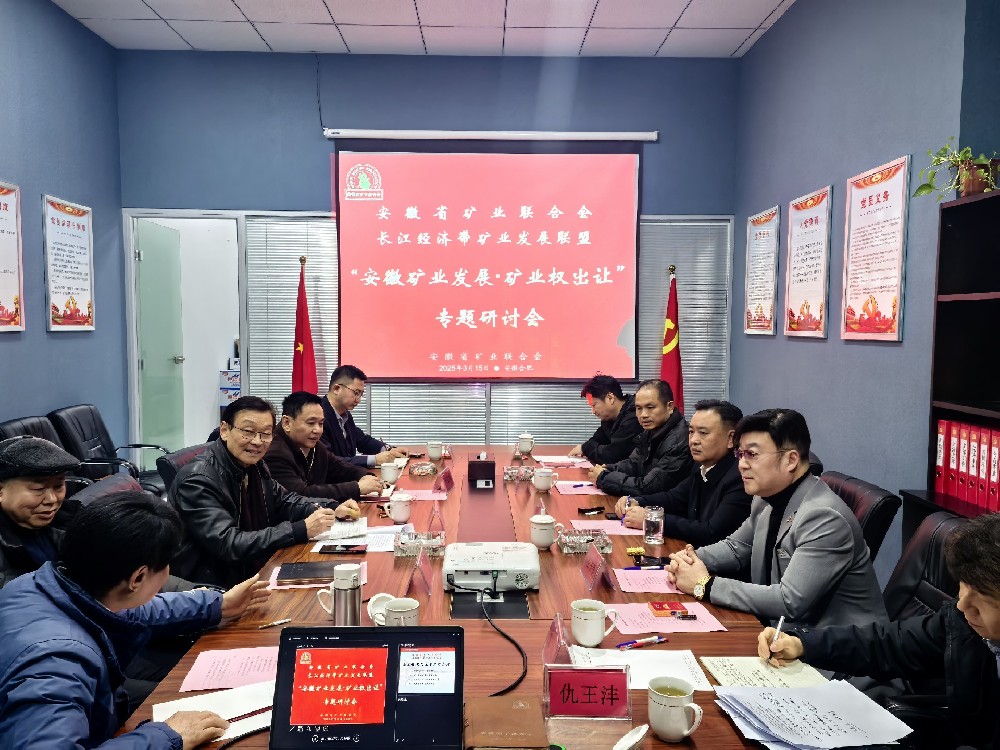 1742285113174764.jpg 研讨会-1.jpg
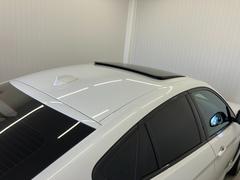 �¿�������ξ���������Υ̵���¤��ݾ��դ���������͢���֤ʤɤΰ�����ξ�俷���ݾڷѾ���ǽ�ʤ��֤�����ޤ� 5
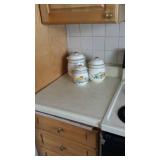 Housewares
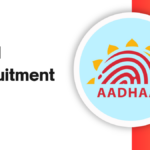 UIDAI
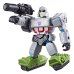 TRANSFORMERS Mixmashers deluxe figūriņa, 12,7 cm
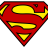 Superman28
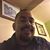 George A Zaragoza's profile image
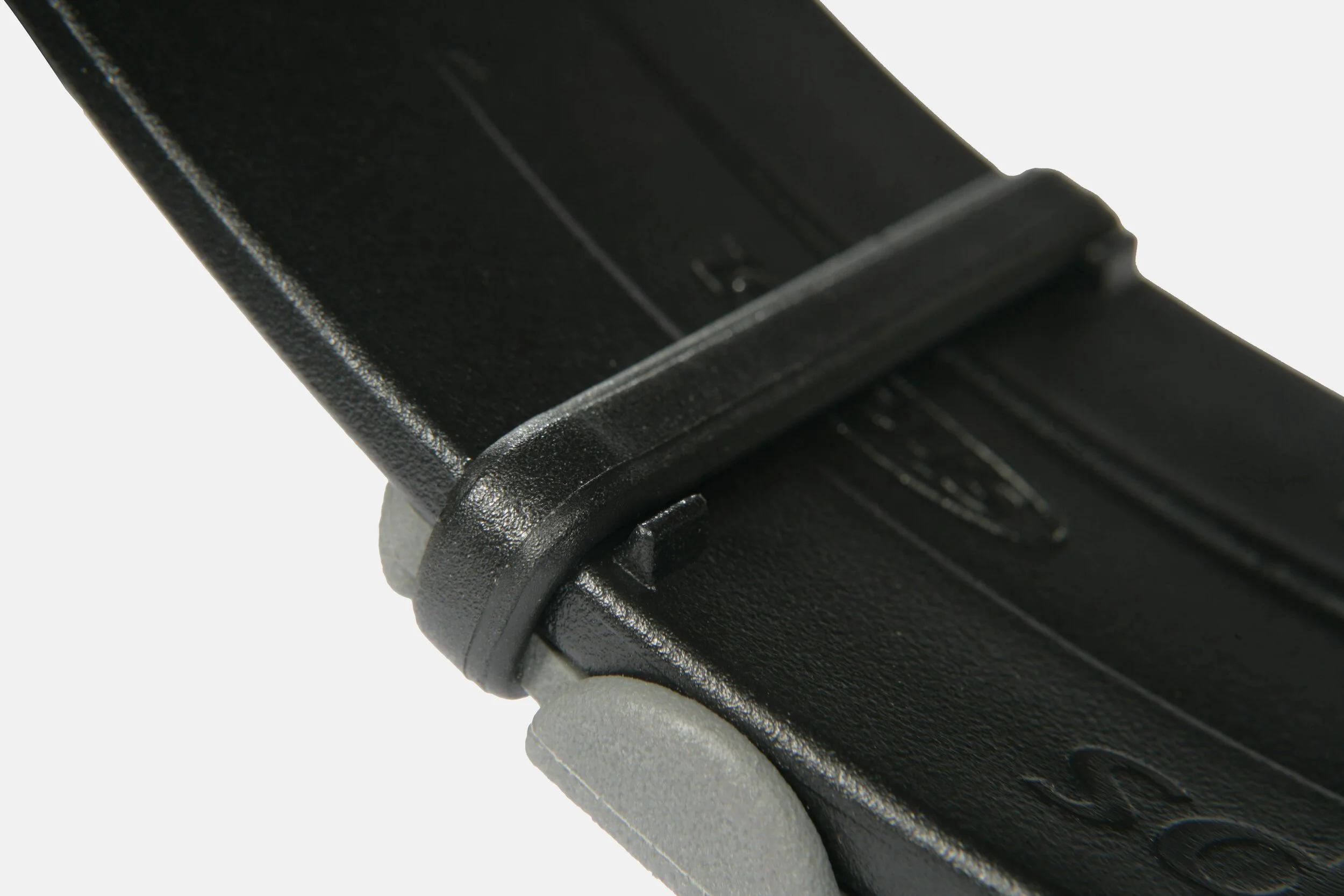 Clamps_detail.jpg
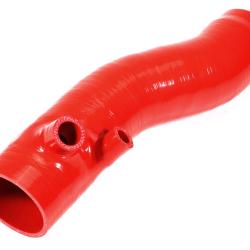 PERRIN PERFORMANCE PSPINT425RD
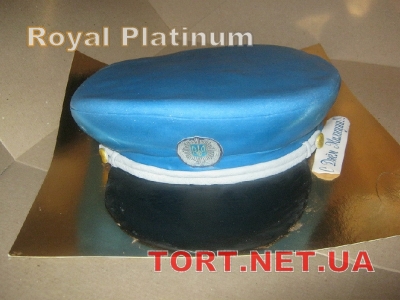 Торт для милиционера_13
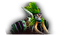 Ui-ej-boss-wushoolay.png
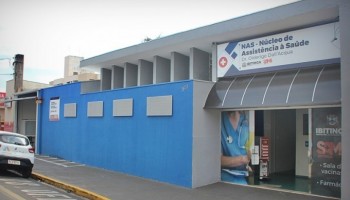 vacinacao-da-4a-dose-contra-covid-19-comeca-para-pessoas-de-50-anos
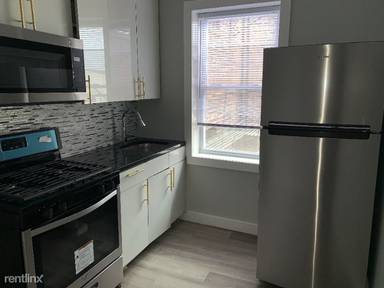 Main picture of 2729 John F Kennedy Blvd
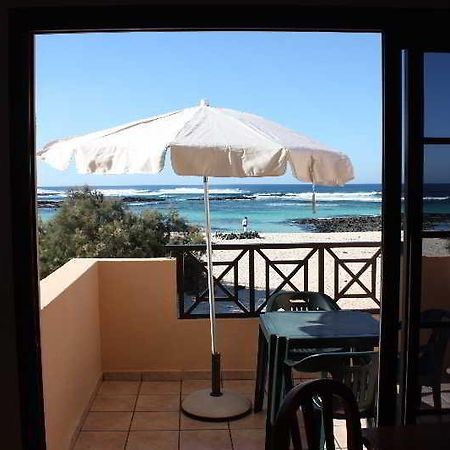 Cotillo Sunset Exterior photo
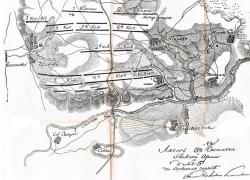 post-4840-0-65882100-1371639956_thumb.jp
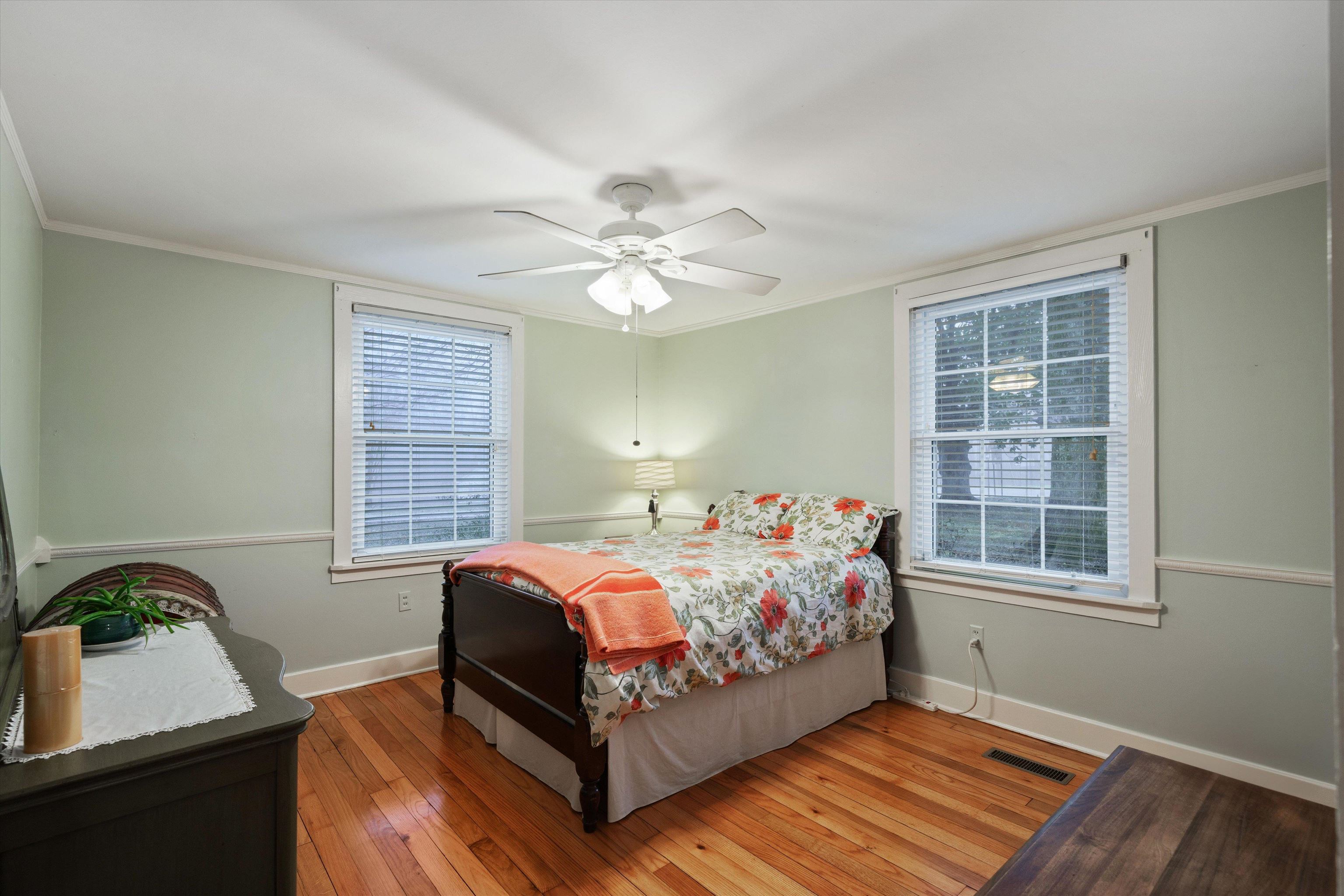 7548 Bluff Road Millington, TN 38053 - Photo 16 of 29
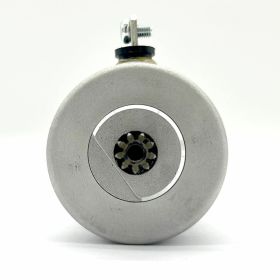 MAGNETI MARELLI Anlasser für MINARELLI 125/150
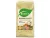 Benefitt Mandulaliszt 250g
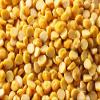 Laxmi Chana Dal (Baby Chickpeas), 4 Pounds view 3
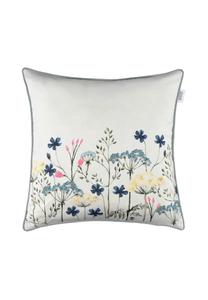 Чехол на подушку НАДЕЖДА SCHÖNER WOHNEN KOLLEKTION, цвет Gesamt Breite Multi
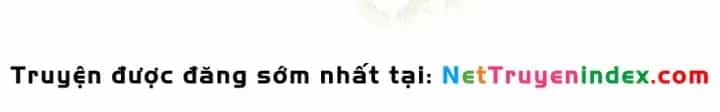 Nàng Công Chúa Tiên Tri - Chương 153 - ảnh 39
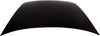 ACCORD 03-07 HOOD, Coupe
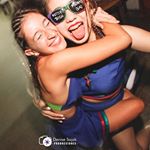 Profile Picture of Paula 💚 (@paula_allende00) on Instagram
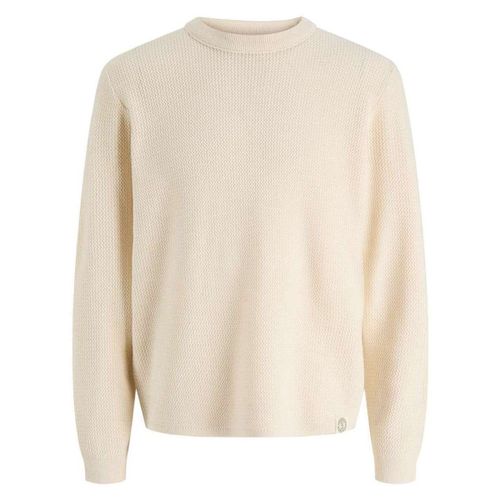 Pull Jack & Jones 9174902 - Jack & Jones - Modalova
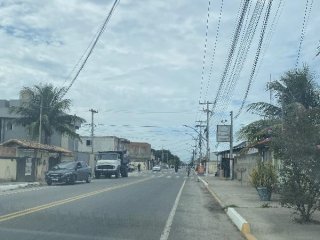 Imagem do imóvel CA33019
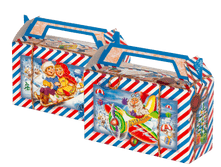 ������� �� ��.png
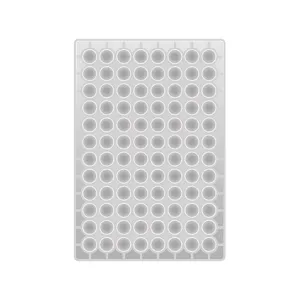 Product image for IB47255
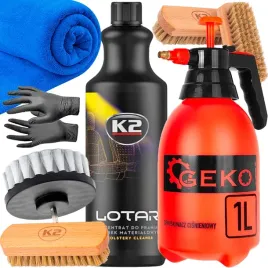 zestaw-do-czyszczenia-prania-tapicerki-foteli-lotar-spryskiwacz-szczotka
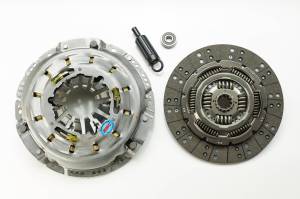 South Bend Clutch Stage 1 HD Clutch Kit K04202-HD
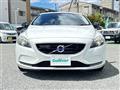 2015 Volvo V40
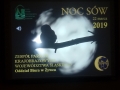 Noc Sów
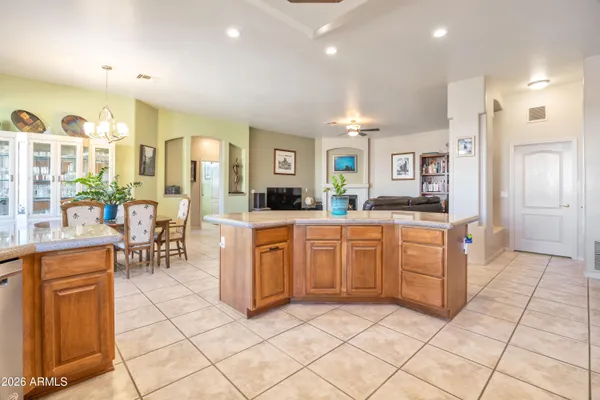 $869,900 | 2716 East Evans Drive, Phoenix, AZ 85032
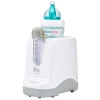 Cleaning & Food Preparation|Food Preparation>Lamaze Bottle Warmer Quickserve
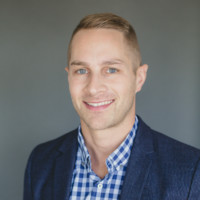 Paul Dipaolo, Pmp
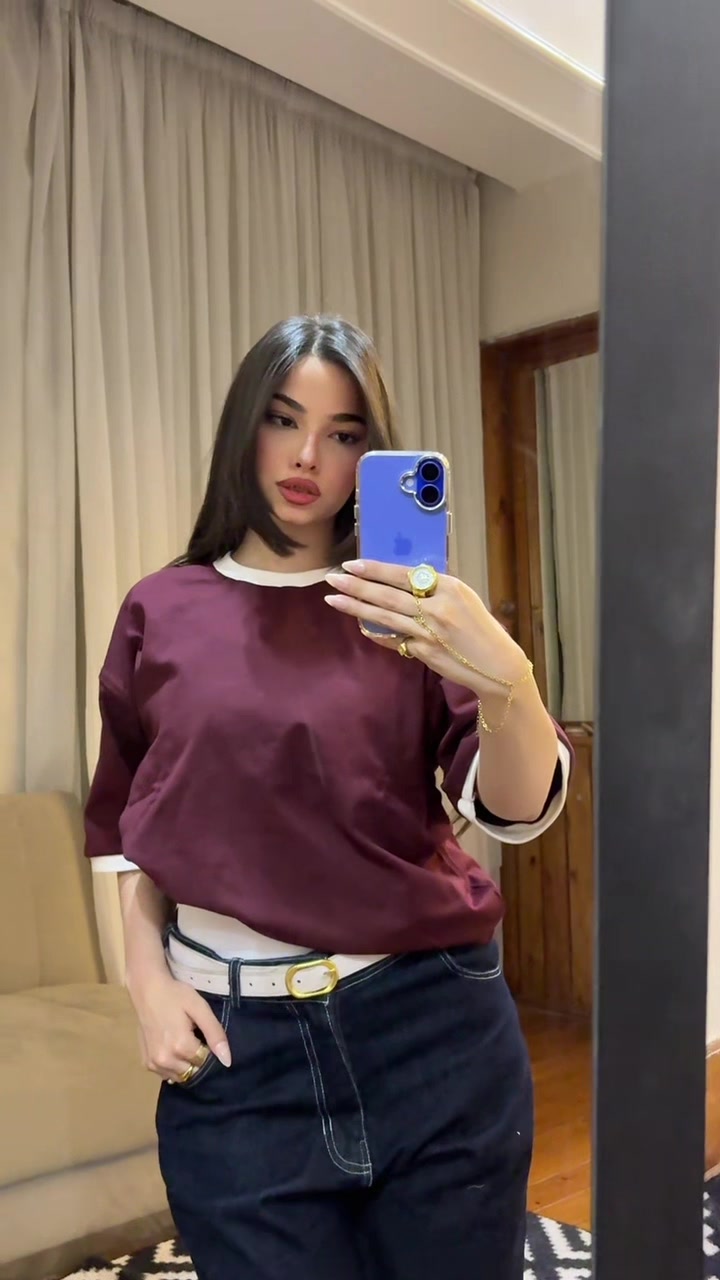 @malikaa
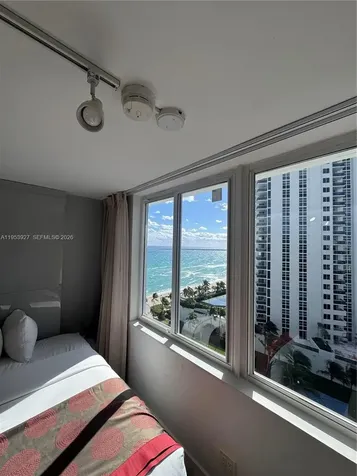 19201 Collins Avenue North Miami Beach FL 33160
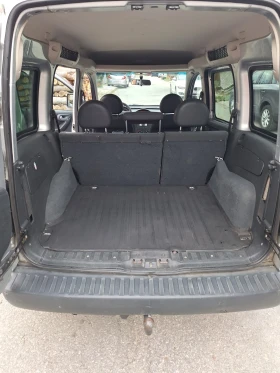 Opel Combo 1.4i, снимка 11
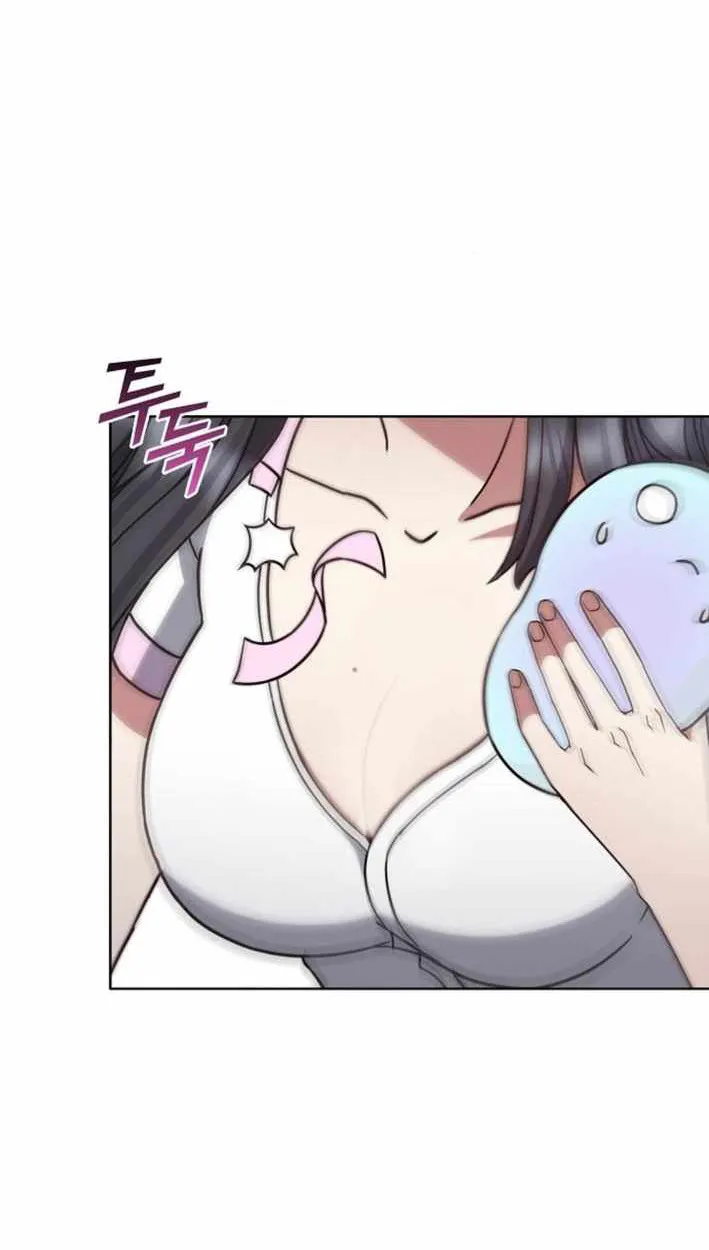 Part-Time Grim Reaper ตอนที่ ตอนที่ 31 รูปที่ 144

____

- _Assignment_: Reproduce each record from above exactly; pictures do not belong in the copy.

- _Reply_:
 1742285113174764.jpg 研讨会-1.jpg
 �¿�������ξ���������Υ̵���¤��ݾ��դ���������͢���֤ʤɤΰ�����ξ�俷���ݾڷѾ���ǽ�ʤ��֤�����ޤ� 5
 Housewares
 UIDAI
 TRANSFORMERS Mixmashers deluxe figūriņa, 12,7 cm
 Superman28
 George A Zaragoza's profile image
 Clamps_detail.jpg
 PERRIN PERFORMANCE PSPINT425RD
 Торт для милиционера_13
 Ui-ej-boss-wushoolay.png
 vacinacao-da-4a-dose-contra-covid-19-comeca-para-pessoas-de-50-anos
 Main picture of 2729 John F Kennedy Blvd
 Cotillo Sunset Exterior photo
 post-4840-0-65882100-1371639956_thumb.jp
 7548 Bluff Road Millington, TN 38053 - Photo 16 of 29
 MAGNETI MARELLI Anlasser für MINARELLI 125/150
 Benefitt Mandulaliszt 250g
 Laxmi Chana Dal (Baby Chickpeas), 4 Pounds view 3
 Чехол на подушку НАДЕЖДА SCHÖNER WOHNEN KOLLEKTION, цвет Gesamt Breite Multi
 Nàng Công Chúa Tiên Tri - Chương 153 - ảnh 39
 ACCORD 03-07 HOOD, Coupe
 Profile Picture of Paula 💚 (@paula_allende00) on Instagram
 Pull Jack & Jones 9174902 - Jack & Jones - Modalova
 Imagem do imóvel CA33019
 ������� �� ��.png
 Product image for IB47255
 zestaw-do-czyszczenia-prania-tapicerki-foteli-lotar-spryskiwacz-szczotka
 South Bend Clutch Stage 1 HD Clutch Kit K04202-HD
 2015 Volvo V40
 Noc Sów
 $869,900 | 2716 East Evans Drive, Phoenix, AZ 85032
 Cleaning & Food Preparation|Food Preparation>Lamaze Bottle Warmer Quickserve
 Paul Dipaolo, Pmp
 @malikaa
 19201 Collins Avenue North Miami Beach FL 33160
 Opel Combo 1.4i, снимка 11
 Part-Time Grim Reaper ตอนที่ ตอนที่ 31 รูปที่ 144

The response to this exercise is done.